The episode entitled "Here's Negan," based on a side story from the comics that was published in trade paperback under the same name, takes a look at the character's origin story. The prequel tale reveals what the man was like back when Lucille (played here by Morgan's actual wife, Hilarie Burton) was an actual woman, instead of a baseball bat wrapped in barbed wire. The verdict isn't great for the big guy in the leather jacket. While Negan may still get his shot at ultimate redemption on the show — his character has one of the strangest, most bittersweet endings in the source material, after all — this episode proves that he was never a man to admire.

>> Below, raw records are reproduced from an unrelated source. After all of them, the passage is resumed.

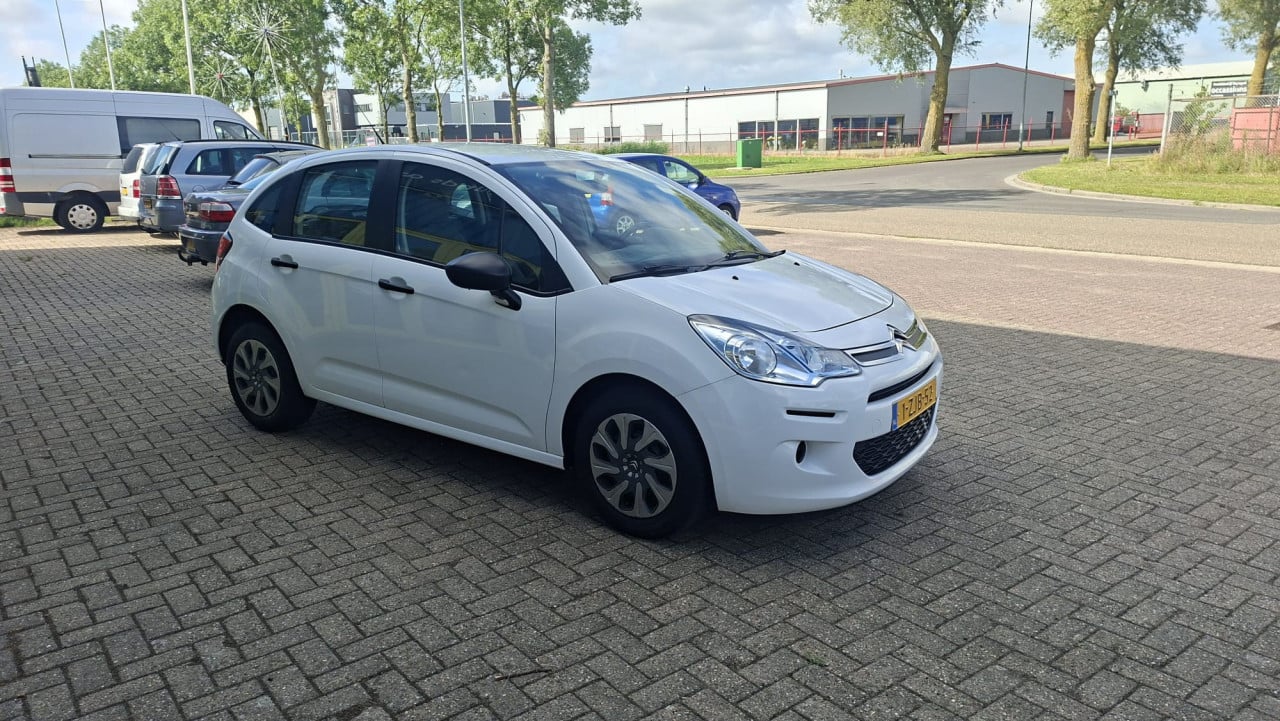 Citroen C3 1.0 PureTech Attraction 5drs bj:2015 airco apk nieuw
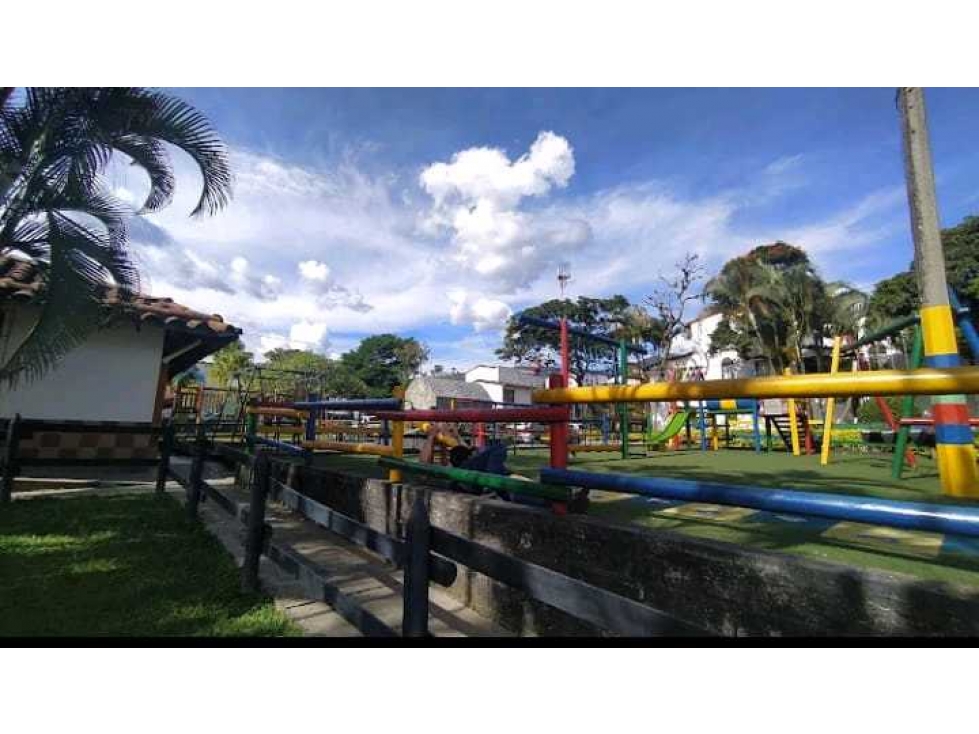 Casa para remodelar en venta envigado cerca al viva alcala vallejuelos — foto 2
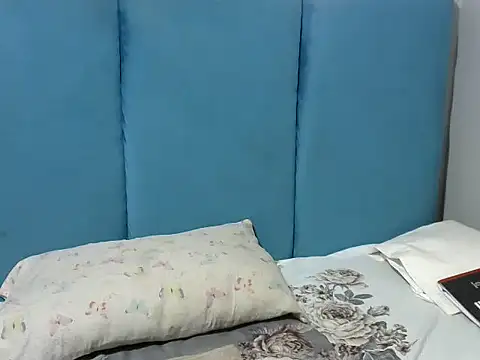 Snapshot of sassysiren chatting on 07-27-26, 12:01 sassysiren online show from 07-27-26, 12:01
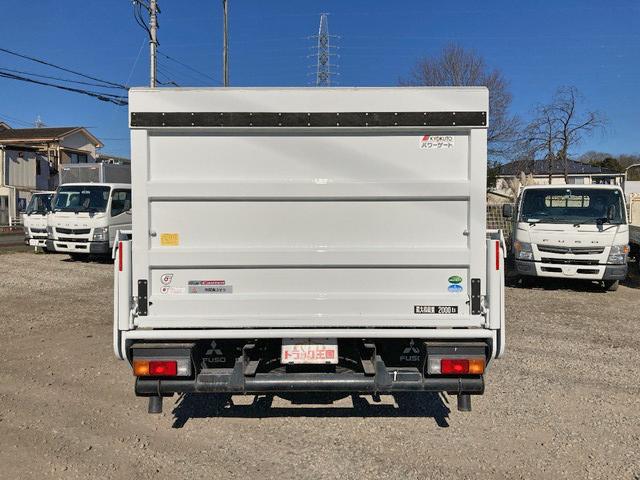 三菱ふそうキャンター平ボディ小型（2t・3t）[写真06]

Negan has always been a violent man

"Here's Negan" shows us a familiar side of Negan in an unfamiliar environment. The former Saviors kingpin had always relied on the paper-thin justification that the post-apocalyptic world of The Walking Dead required a brutal hand to start arranging things into a shape resembling the lines of civilization once again. It's all there in the somewhat ironic name of his group. The Saviors were saving people from zombies and societal collapse — at least, that's what Negan was telling himself and any unfortunate captive who had to listen. Turns out, Negan's anger issues and propensity to resort to violence predate the appearance of the walkers.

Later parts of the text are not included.